His rule-breaking, norms-busting business ethic with only one man at the top calling the shots ranks as a model for Donald Trump in the Oval Office 2.0. Trump’s dirty business dealings would continue as he shows no signs of being constrained by norms held in place by 45 other presidents. He’s even petitioning the Supreme Court for immunity from anything he does now or would do then.
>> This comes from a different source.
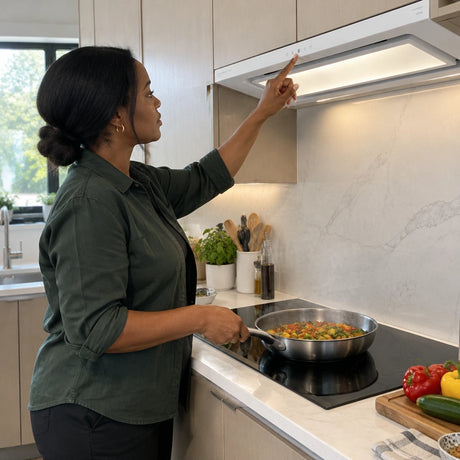 African American home cook using the Kaiser EA 946 W Eco cooker hood while sautéing vegetables in a modern kitchen.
His top-down leadership style and disrespect of expertise and honesty that shone through in the New York trial would become the new normal in the Oval Office and throughout the Executive Branch as Trump has signaled he’d do away with experts throughout the various departments of government and replace them with toadies. In a second term, he’d bring in his own dedicated, unpatriotic team of salivating sycophants ready to tear down democracy (see Jim Jordan and Elise Stefanik who routinely tout Kremlin talking points). And it’d be absent any real patriots like James Mattis and John Kelly to rein him in.
—trg
******
Engoron to Trump: “You’re Fired!”
The “carnage” Trump painted of America during his 2017 Inaugural address, now best describes what’s left of his business empire.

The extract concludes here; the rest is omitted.